United States Bankruptcy Court, S.D. Mississippi
Oct 27, 2009
CASE NO. 08-51288-NPO, ADV. PROC. NO. 09-05043-NPO (Bankr. S.D. Miss. Oct. 27, 2009)

Opinion

CASE NO. 08-51288-NPO, ADV. PROC. NO. 09-05043-NPO.

October 27, 2009


MEMORANDUM OPINION AND ORDER GRANTING MOTION TO COMPEL SETTLEMENT


On October 6, 2009, there came on for hearing (the "Hearing") the Motion to Compel Settlement (the "Motion") (Adv. Dkt. No. 65) filed by the Debtor, Hyperion Foundation, Inc., d/b/a Oxford Health Rehabilitation Center (the "Debtor"); the Response to Motion to Compel Settlement (the "Response") (Adv. Dkt. No. 70) filed by Academy Healthcare Center, Inc., f/k/a Adventist Health Center, Inc. ("AHC"); and the Joinder in Motion to Compel Settlement Filed by Debtor (the "Joinder") (Adv. Dkt. No. 72) filed by HP/Management Group, Inc. and Douglas K. Mittleider ("Third-Party Defendants") in the above-styled adversary proceeding (the "Adversary"). At the Hearing, Craig M. Geno and Melanie Vardaman ("Vardaman") represented the Debtor; Derek A. Henderson ("Henderson") represented AHC; and J. Walter Newman, IV ("Newman") represented the Third-Party Defendants. The Court, being fully advised in the premises, finds that the Motion should be granted as set forth herein for the reasons specified.

Jurisdiction

This Court has jurisdiction over the parties and subject matter of this proceeding pursuant to 28 U.S.C. § 1334. This is a core proceeding pursuant to 28 U.S.C. § 157(b). Notice of the Hearing was proper under the circumstances.

Facts

The acrimonious relationship between the Debtor and AHC extended long before the filing of the Debtor's chapter 11 petition. This Adversary is just another manifestation of their ongoing landlord-tenant dispute. In short, AHC claims that the Debtor owes it approximately $560,890.55 (Claim # 18-1) for past due rent, whereas the Debtor claims it is entitled to offset that amount (and more) for the cost of necessary repairs to the leased facilities. (Adv. Dkt. No. 1).

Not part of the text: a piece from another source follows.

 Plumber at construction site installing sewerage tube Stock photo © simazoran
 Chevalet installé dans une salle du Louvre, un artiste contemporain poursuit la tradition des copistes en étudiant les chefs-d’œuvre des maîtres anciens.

The irony that the Debtor's articles of incorporation describes it as a corporation organized "for religious and charitable uses," and that AHC is owned by a church is not lost on this Court.

Finally seeing the wisdom of resolving the litigation through settlement, the parties began negotiating and exchanging various settlement proposals in July, 2009. (AHC Exs. 1, 2). On the afternoon of Friday, September 25, 2009, AHC extended a written settlement proposal (the "Settlement Proposal") that the Debtor and the Third-Party Defendants contend became a binding settlement agreement later that same evening after telephone conversations among counsel for the parties. (Debtor Ex. 1 AHC Ex. 3).

All exhibits refer to exhibits introduced into evidence at the Hearing.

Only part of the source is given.